Hervé Souhaut Sainte Epine 2020
I almost bought another bottle of this a few weeks ago and glad I didn’t – it’s not worth the dollars. The good bits lie in the Saint Joseph medium bodied charisma, in a juicy, skinsy, pulpy style with no oak and no artifice, all purple fruit with tilled earth and black pepper. Syrah? Oh yeah. It doesn’t linger though, the earthen red fruited flavours sort of slithers off. It’s a fresh young Syrah, but looking for something more doesn’t deliver much. It’s been a while between Souhaut releases for me, and I was expecting more wild profundity, not a safe bet/approachable red. Lovely purity bumps it to a silver medal, but this doesn’t hit a third gear to justify the price and hype. Canberra or the Yarra does better, for much less $$$. Oh and the label says 13% but I swear it’s more than that too – 14% for sure. 17.5/20, 91/100. 13%, $150.
Pierro LTC 2021
This was once a market leader. Now? The world has changed, and this wine sits in nostalgia territory. Hard to tell where the character of this Sauvignon Blanc Chardonnay blend sits. The Sauv fruit looks ripe and pineappley and yet resinous. The palate too is grippy and bland and undefined. What is it? There is palate intensity here, but the wooly, lumpy palate helps no one. Yeah, no. 16.3/20, 87/100. 13.5%, $32
5 Comments
Great reviews Andrew – thanks for sharing.
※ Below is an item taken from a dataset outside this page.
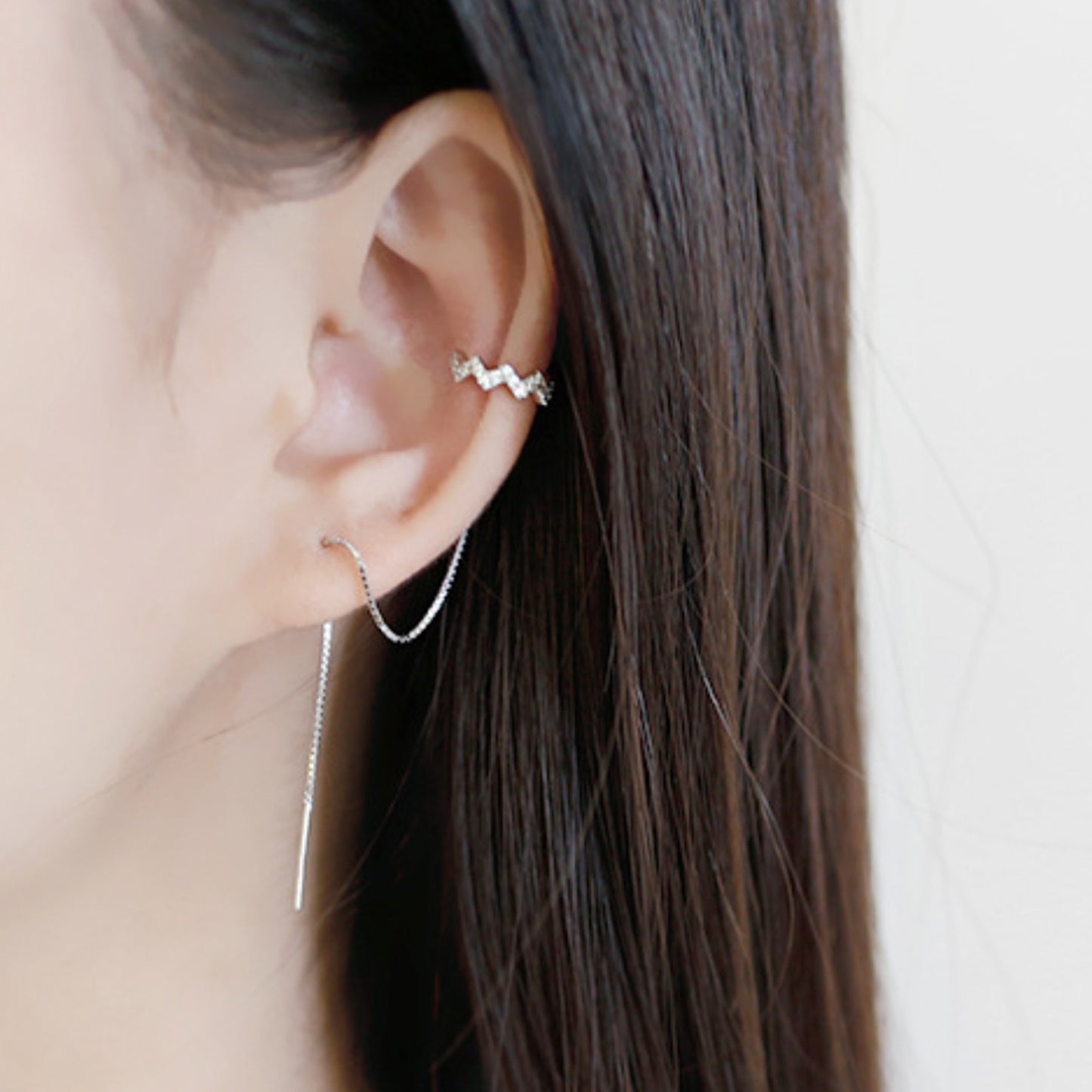 Chain Threader Earrings with Ear Cuff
I visited Pierro recently and found the wines (including the Fire Gully range) to be extremely disappointing (both the Chardonnay and the flagship Cab were both sold out so I didn’t taste them).
Agree with your views on the LTC. Miles off the standard that I recall vintages from the early 2000’s were at.
Yeah I’m not sure what is happening at Pierro.
Interesting notes and a bit jealous given the weather down here!
If you haven’t tried the Hughes & Hughes Pinot Noir ’21 is also delightful. Mirror to your Chardonnay remarks on the sheer deliciousness front. Enjoyed at a business lunch last week and definitely worth a go.
Weinbach Riesling ‘Schlossberg’ is a lovely wine (the last one I had was a 2011) but charging $180 a bottle is nothing more than grand larceny considering what it sells for elsewhere. Really shocking.
Welcome to Australian pricing. It’s why I normally fill my suitcase in Europe every year. It’s now been 3 years since my last Euro visit, and local pricing is all I have. The 2020 release is selling for $220!